• _Supplied entries_
·····

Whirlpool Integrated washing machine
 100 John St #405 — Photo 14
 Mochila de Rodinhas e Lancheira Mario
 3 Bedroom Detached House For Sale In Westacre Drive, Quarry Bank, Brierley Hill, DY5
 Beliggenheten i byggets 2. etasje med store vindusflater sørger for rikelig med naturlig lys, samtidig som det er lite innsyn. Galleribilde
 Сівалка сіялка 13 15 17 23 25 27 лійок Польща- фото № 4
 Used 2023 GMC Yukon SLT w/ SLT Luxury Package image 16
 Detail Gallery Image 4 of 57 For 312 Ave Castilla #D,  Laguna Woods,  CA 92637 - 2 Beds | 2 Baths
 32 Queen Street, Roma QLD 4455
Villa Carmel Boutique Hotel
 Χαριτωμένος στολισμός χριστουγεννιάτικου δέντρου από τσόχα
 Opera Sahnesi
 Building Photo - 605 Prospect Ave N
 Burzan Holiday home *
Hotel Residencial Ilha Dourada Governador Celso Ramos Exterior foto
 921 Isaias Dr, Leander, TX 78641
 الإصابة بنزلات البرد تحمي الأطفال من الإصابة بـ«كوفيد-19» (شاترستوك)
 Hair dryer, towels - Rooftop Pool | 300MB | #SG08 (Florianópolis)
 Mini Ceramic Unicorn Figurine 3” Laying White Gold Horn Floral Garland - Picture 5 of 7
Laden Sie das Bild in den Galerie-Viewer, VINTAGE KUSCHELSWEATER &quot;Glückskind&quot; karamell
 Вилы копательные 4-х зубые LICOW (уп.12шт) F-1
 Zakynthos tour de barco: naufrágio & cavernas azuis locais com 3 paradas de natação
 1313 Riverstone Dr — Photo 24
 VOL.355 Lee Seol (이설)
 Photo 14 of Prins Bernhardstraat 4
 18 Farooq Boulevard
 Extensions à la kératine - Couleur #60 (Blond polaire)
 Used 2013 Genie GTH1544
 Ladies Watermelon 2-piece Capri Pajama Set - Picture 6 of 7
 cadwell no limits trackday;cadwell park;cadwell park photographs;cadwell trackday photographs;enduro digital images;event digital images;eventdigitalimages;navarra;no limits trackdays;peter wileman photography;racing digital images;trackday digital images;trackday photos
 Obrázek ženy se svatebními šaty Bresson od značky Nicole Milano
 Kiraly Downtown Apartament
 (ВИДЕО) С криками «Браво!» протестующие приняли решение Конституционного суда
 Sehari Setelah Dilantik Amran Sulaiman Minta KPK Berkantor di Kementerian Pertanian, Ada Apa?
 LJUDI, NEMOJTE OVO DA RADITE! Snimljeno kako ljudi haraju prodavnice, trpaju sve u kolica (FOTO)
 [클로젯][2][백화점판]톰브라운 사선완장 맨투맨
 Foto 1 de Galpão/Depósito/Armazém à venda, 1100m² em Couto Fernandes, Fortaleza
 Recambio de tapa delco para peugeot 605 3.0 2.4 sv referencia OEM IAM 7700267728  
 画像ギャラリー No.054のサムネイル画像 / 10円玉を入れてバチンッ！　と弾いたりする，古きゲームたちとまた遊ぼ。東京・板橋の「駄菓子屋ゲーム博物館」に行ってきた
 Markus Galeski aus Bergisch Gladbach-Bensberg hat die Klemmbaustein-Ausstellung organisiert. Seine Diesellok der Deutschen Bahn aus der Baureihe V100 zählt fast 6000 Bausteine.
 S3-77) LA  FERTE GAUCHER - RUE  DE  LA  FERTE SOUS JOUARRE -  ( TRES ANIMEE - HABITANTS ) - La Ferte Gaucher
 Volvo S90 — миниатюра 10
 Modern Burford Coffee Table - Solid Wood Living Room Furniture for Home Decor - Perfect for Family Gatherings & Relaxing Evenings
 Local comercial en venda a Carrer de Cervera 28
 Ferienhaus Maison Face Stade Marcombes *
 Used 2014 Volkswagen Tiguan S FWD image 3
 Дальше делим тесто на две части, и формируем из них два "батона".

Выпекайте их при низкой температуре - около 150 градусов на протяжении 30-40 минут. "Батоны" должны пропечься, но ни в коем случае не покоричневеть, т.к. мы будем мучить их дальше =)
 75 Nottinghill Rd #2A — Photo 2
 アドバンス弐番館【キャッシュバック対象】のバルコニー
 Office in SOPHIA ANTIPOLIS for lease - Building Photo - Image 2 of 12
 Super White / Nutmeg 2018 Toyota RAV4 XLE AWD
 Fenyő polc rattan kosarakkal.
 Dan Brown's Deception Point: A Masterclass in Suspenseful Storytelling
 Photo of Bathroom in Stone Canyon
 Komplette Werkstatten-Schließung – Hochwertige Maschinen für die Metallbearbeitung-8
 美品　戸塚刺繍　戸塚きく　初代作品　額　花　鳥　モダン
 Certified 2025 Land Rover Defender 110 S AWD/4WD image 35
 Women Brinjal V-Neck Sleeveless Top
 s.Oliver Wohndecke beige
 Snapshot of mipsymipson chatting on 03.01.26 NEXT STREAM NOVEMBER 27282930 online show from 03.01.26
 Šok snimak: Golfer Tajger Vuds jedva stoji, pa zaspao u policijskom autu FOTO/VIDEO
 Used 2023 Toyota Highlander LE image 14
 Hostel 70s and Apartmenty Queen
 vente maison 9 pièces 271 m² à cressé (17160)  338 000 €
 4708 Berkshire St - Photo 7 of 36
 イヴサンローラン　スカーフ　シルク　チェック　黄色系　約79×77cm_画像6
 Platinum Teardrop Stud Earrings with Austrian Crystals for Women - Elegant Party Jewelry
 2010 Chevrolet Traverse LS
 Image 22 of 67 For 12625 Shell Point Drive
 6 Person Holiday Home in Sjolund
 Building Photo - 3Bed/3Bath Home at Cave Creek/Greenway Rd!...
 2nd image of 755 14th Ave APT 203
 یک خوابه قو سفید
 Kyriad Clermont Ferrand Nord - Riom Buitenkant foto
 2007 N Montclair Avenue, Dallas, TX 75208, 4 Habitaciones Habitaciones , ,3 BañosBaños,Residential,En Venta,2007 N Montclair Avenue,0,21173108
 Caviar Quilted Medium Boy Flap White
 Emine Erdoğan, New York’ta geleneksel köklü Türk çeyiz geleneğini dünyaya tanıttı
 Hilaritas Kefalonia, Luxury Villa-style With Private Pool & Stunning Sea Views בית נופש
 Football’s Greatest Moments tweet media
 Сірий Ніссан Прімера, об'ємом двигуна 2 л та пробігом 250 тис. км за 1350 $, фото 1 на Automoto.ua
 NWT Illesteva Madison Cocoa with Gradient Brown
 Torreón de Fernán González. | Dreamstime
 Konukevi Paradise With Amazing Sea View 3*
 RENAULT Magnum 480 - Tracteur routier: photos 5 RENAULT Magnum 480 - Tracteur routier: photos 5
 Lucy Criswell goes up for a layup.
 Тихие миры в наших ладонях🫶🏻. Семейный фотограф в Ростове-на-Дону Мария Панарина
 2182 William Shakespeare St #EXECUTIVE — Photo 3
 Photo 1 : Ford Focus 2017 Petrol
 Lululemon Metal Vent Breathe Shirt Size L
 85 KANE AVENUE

·····

• _Task details_
What is wanted is the number of lines holding "Queen" in the entries. Nothing else should be given.

• _Exercise result_
2